Wouldn’t it be horrifying to look back on your life and realize that you’ve wasted it?
Yet, how many people of all ages think about the “What If’s” in life? How many live with regrets for past acts? With regrets for not taking action?
If we don’t want to join their ranks, we might want to consider adopting what William Irvine calls “A Philosophy of Life” in his book “A Guide To The Good Life.”
A Philosophy of Life
According to him, a Philosophy of Life has two components:
A grand goal in living and an effective strategy for attaining it.
A grand goal in living orients our actions and gives our life a coherence that we otherwise lack.
An effective strategy guides us towards what we must do in our daily activities to maximize our chances of attaining what we take to be ultimately valuable.
This seems obvious, yet we might wonder why many people lack a Philosophy of Life.
It is, after all, hard to know what to choose when you aren’t really sure what you want.
Running on Auto-Pilot
Imagine someone put in some coordinates in our body-navigation system and we follow its way-points. After a few years of doing this, we realize that we’ve run in circles. Even though we had the feeling of getting somewhere, we’ve gone nowhere. How does this happen?
It happens, because we know what we want minute to minute – yet we don’t consider our grand goal in living.

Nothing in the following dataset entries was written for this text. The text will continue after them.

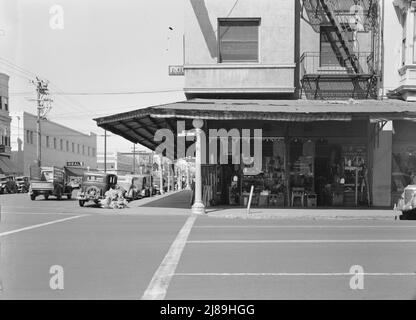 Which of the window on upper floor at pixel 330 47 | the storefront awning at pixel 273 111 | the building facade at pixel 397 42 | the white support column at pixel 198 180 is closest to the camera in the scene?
the storefront awning at pixel 273 111

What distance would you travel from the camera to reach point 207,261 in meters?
8.52

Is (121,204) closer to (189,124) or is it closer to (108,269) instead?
(189,124)

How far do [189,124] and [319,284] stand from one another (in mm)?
16506

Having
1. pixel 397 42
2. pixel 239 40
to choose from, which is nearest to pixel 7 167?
pixel 239 40

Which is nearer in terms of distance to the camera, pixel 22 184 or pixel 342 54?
pixel 342 54

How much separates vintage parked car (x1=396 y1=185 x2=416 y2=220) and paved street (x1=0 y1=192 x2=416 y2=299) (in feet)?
7.07

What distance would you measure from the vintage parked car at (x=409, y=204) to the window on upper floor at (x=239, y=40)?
360 inches

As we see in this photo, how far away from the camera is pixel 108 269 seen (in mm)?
7707

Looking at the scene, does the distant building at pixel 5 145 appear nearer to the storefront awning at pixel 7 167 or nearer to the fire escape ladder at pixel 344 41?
the storefront awning at pixel 7 167

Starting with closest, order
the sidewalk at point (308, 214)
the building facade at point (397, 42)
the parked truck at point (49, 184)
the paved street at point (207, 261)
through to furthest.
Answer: the paved street at point (207, 261) → the sidewalk at point (308, 214) → the building facade at point (397, 42) → the parked truck at point (49, 184)

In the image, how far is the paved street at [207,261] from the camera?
637 cm

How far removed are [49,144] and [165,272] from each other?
6576cm

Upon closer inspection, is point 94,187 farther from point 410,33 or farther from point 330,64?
point 410,33

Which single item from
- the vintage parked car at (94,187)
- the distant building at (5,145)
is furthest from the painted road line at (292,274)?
the distant building at (5,145) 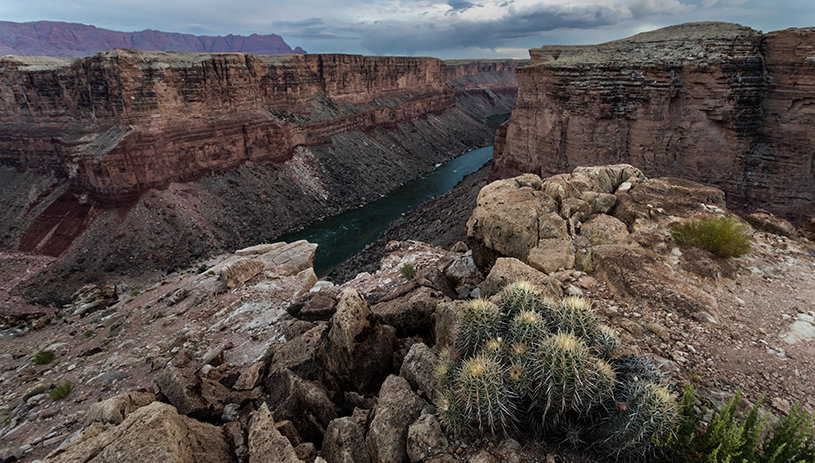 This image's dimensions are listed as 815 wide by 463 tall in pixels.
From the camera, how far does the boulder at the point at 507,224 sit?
825 cm

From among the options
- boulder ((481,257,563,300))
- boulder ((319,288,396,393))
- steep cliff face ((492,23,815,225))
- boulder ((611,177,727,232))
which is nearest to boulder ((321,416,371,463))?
boulder ((319,288,396,393))

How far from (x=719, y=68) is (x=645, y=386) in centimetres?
1889

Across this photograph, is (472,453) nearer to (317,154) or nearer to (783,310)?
(783,310)

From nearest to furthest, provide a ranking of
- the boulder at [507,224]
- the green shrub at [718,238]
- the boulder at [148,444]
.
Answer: the boulder at [148,444], the green shrub at [718,238], the boulder at [507,224]

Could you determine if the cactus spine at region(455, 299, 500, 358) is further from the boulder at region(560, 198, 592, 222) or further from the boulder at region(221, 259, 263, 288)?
the boulder at region(221, 259, 263, 288)

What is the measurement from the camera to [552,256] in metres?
7.16

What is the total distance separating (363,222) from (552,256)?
23.9m

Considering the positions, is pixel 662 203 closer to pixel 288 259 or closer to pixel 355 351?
pixel 355 351

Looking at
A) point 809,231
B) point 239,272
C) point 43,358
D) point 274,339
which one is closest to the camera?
point 274,339

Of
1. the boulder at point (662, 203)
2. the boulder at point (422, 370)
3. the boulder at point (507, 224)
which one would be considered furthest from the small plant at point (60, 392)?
the boulder at point (662, 203)

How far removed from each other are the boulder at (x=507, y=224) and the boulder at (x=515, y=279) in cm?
194

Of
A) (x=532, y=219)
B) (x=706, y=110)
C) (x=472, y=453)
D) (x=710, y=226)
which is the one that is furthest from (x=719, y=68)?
(x=472, y=453)

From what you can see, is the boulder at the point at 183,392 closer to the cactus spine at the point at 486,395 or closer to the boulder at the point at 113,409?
the boulder at the point at 113,409

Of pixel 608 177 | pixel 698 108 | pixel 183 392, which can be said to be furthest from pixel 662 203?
pixel 698 108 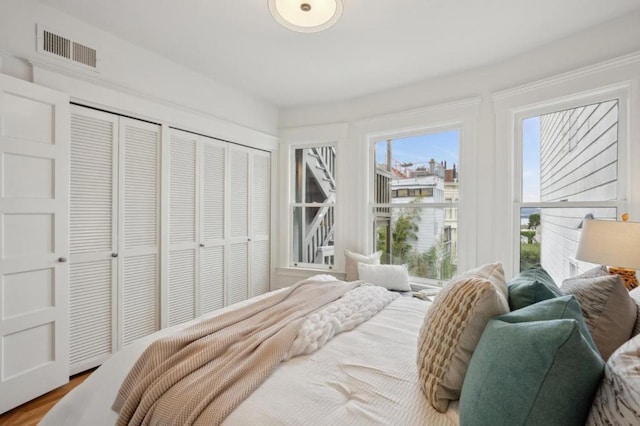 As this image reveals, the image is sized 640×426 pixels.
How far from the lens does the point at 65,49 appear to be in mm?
2215

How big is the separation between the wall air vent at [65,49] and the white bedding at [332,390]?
6.91 feet

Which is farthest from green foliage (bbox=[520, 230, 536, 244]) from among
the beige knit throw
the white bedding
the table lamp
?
the beige knit throw

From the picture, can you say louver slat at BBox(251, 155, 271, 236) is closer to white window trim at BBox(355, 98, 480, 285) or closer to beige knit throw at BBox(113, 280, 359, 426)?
white window trim at BBox(355, 98, 480, 285)

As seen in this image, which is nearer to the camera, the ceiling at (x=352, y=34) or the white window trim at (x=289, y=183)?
the ceiling at (x=352, y=34)

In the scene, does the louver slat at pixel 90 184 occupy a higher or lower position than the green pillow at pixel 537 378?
higher

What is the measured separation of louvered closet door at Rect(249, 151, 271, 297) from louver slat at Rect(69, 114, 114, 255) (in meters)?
1.53

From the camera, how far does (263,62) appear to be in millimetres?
2863

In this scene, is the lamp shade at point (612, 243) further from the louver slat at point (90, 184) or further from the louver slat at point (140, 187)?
the louver slat at point (90, 184)

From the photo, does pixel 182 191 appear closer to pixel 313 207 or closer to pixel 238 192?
pixel 238 192

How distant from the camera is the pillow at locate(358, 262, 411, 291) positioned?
3072mm

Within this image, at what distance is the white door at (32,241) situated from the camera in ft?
6.24

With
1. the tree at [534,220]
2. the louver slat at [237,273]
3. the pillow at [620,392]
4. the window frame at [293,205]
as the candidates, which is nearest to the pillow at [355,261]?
the window frame at [293,205]

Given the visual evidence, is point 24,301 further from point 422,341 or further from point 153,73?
point 422,341

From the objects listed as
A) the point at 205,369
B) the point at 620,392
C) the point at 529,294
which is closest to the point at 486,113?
the point at 529,294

Our culture doesn’t encourage us to think about what we want to strive for, and worse provides us with endless distractions, so we don’t ever have to. We work hard for money believing that if we only buy enough stuff, we have a life that is both meaningful and fulfilling. We feel comfortable spending our days “seeking an interesting mix of affluence, social status, and pleasure.” In other words, we pursue an enlightened form of hedonism.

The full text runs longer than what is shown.